È un capitano dei carabinieri, il comandante della Compagnia di Monreale. La città di un Duomo superbo e di una mafia sconosciuta.

Il capitano ha appena consegnato in Tribunale un rapporto di sessantadue pagine. La sua condanna a morte.

Le carte sono nell’armadio blindato del giudice istruttore

Paolo Borsellino, il magistrato che assieme a lui ha seguito fin dall’inizio l’indagine e che questa notte esplode in un pianto disperato. È in lacrime, in fondo ai viali dell’ospedale. «Mi hanno ammazzato un fratello», singhiozza nel buio.

In meno di un anno, ne ha persi due di amici che davano la caccia ai boss di Monreale.

Il 21 luglio del 1979, il capo della squadra mobile Boris Giuliano. E ora Emanuele Basile. Chi sono gli assassini?

«Li abbiamo presi, questa volta li abbiamo presi», avvisa un ufficiale dei carabinieri.

Sono già rinchiusi in una caserma di Palermo. Uno è Armando Bonanno, l’altro Vincenzo Puccio, il terzo Giuseppe Madonia.

Li hanno fermati in aperta campagna, due ore dopo il delitto.

Sono sporchi di fango. Lungo un sentiero trovano anche l’auto usata per la fuga. Dentro c’è una pistola che ha appena sparato.

Dicono i killer: «Siamo qui perché abbiamo avuto un incontro galante con donne di Agrigento, signore sposate, siamo dei gentiluomini e non faremo mai i loro nomi». È il loro alibi. Sarà per sempre il loro alibi. Da quando incontra quei tre sicari di mafia, Paolo Borsellino entra in un’altra vita. Gli assassini del capitano decidono il suo futuro.

Il comandante della compagnia dei carabinieri di Monreale è stato ucciso in mezzo alla folla del Santissimo Crocifisso, la processione che, da tre secoli e mezzo, si ripete nella notte fra il 3 il 4 maggio. Per la prima volta, la statua l’hanno portata per le strade nel 1626 e il Santissimo Crocifisso ha spazzato via il «morbo rio», la peste di Monreale.

Emanuele Basile ha in braccio la figlia Barbara, la moglie Silvana è fra bancarelle stracolme di ceci abbrustoliti, torrone caramellato, semi di zucca secchi. I tre sbucano da una stradina, in un attimo gli sono alle spalle. Fanno partire i primi colpi quando il cielo s’illumina dei fuochi d’artificio.

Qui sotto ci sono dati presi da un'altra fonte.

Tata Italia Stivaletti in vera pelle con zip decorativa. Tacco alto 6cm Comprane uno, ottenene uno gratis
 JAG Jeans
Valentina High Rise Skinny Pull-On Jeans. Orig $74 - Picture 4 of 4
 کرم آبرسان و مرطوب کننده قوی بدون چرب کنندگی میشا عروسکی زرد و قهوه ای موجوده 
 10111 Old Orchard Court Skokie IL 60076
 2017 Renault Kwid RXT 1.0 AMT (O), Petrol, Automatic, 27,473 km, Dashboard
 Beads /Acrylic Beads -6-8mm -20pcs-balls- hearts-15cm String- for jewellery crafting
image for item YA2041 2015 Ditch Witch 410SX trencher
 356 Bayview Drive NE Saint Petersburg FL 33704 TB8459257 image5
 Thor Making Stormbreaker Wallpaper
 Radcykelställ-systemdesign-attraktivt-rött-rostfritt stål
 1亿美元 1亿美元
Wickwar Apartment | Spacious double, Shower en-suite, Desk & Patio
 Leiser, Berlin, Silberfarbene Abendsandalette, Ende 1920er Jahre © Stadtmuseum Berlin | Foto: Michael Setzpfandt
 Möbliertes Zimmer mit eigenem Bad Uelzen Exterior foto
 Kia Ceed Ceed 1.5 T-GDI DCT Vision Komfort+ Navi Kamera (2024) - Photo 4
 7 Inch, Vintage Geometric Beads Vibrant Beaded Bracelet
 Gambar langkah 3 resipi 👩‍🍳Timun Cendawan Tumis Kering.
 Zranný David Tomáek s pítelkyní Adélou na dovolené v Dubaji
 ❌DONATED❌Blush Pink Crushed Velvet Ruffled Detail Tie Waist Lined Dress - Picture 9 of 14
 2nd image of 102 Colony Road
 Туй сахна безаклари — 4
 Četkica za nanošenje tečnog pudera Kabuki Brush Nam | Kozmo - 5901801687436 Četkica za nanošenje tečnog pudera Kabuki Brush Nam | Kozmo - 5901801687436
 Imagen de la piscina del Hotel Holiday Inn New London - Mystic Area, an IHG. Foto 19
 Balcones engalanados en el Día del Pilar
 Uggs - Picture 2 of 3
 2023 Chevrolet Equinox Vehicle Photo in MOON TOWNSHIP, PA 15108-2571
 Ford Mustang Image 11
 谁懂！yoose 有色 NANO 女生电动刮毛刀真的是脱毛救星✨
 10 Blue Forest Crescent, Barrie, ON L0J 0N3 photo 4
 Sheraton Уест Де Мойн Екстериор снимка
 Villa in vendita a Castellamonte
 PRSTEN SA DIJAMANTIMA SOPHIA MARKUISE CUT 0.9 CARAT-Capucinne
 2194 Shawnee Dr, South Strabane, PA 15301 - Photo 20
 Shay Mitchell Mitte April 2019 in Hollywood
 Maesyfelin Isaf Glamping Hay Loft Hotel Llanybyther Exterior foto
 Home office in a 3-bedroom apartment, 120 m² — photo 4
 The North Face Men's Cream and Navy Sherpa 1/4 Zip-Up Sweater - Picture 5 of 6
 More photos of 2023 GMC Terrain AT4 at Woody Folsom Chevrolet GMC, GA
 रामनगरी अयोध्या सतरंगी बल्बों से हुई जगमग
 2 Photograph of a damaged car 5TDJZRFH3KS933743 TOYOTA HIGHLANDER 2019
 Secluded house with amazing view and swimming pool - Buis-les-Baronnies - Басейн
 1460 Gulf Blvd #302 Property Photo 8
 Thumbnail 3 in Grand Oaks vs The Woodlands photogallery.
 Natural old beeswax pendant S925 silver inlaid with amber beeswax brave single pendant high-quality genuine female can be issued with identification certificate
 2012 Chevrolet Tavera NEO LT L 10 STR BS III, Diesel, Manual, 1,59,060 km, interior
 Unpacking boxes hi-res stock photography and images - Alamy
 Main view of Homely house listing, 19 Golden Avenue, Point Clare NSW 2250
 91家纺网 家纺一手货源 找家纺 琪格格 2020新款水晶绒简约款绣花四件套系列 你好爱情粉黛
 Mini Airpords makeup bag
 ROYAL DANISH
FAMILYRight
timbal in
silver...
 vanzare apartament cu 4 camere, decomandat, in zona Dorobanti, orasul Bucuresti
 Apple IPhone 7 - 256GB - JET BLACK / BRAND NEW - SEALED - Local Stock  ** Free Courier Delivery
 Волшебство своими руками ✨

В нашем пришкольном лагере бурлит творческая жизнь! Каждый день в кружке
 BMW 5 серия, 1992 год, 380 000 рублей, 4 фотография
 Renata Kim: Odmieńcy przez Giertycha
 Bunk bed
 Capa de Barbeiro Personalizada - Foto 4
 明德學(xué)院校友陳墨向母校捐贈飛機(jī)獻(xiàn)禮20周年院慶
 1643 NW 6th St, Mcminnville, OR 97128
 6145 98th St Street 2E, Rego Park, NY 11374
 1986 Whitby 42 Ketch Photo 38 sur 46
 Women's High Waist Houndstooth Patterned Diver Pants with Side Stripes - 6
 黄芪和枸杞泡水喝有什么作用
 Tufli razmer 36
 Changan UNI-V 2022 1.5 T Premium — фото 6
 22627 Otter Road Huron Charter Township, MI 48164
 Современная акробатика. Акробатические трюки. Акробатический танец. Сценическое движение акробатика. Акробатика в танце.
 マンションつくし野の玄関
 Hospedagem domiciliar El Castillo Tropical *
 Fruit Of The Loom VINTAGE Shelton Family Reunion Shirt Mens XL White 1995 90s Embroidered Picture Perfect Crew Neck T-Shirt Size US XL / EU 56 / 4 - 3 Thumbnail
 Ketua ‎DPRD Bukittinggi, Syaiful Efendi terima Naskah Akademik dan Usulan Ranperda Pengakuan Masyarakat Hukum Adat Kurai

Esplode la masculiata, l’atto finale dei giochi pirotecnici, i botti.

Silvana scambia il primo sparo per un mortaretto. Poi Barbara, quattro anni, si ritrova in mezzo al sangue del padre. Due testimoni vedono tutto. Parlano, raccontano, riconoscono gli assassini. Non è mai capitato a Palermo. «È un’inchiesta facile che si può chiudere in fretta», annuncia Paolo Borsellino ai suoi colleghi della procura.

Manca solo la prova del guanto di paraffina.